▶ **AVAILABLE DATA**:
☆ ☆ ☆
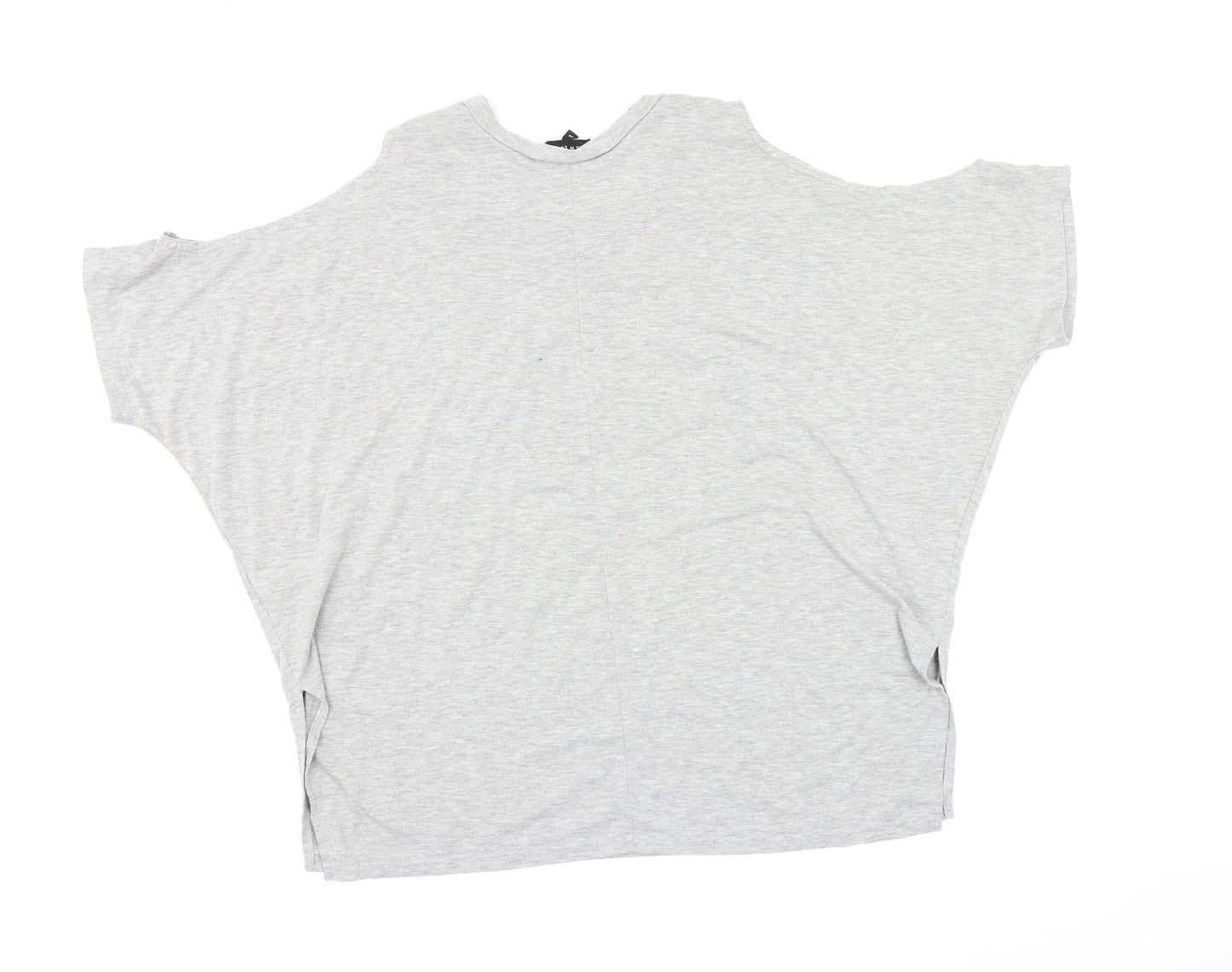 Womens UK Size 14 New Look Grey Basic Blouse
☆ ☆ ☆
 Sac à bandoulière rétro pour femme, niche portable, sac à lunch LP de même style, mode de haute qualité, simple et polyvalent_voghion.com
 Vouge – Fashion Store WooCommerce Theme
☆ ☆ ☆
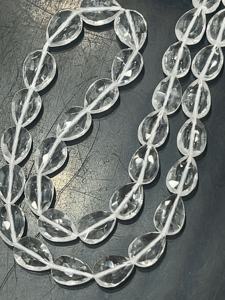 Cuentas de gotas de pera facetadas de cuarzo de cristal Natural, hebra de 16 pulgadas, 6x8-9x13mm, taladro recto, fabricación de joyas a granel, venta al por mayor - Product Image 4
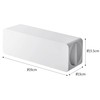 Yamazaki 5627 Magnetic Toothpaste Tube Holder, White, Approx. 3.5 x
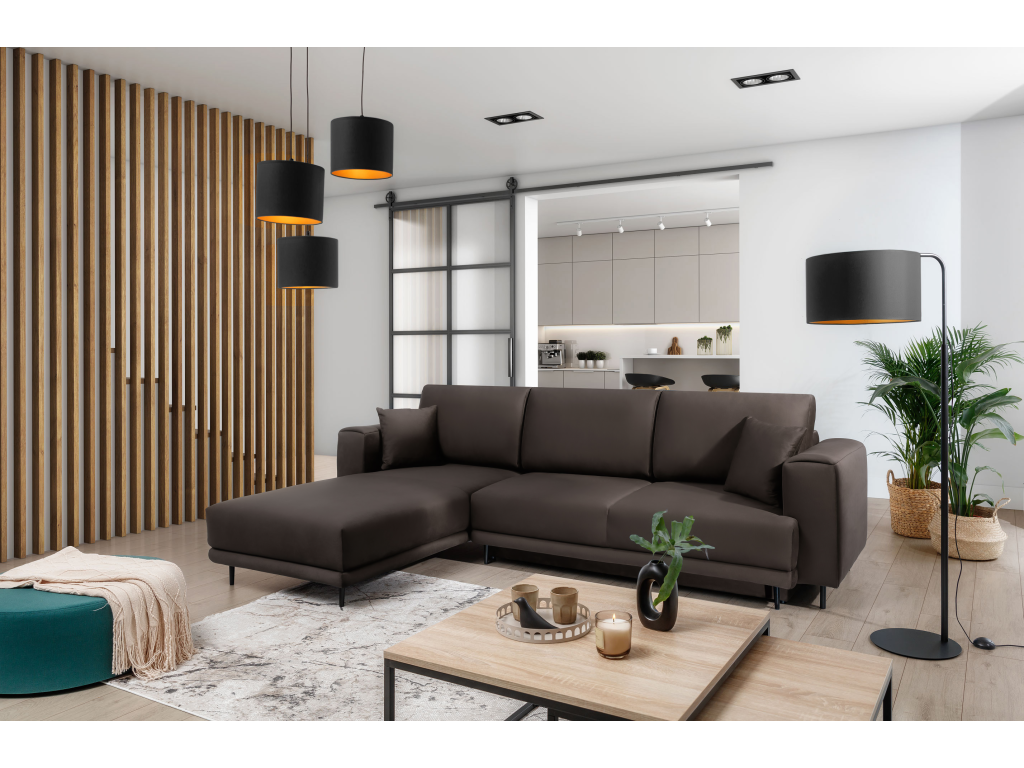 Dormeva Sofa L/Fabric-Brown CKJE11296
☆ ☆ ☆
▶ **WHAT NEEDS TO BE DONE**: With the pictures removed, print only the lines starting at the line that has "Cuentas de gotas" and ending at the line that has "Dormeva Sofa L/Fabric-Brown CKJE11296", both ends included, exactly as they stand above.

▶ **ANSWER TO THE PROBLEM**:
 Cuentas de gotas de pera facetadas de cuarzo de cristal Natural, hebra de 16 pulgadas, 6x8-9x13mm, taladro recto, fabricación de joyas a granel, venta al por mayor - Product Image 4
 Yamazaki 5627 Magnetic Toothpaste Tube Holder, White, Approx. 3.5 x
 Dormeva Sofa L/Fabric-Brown CKJE11296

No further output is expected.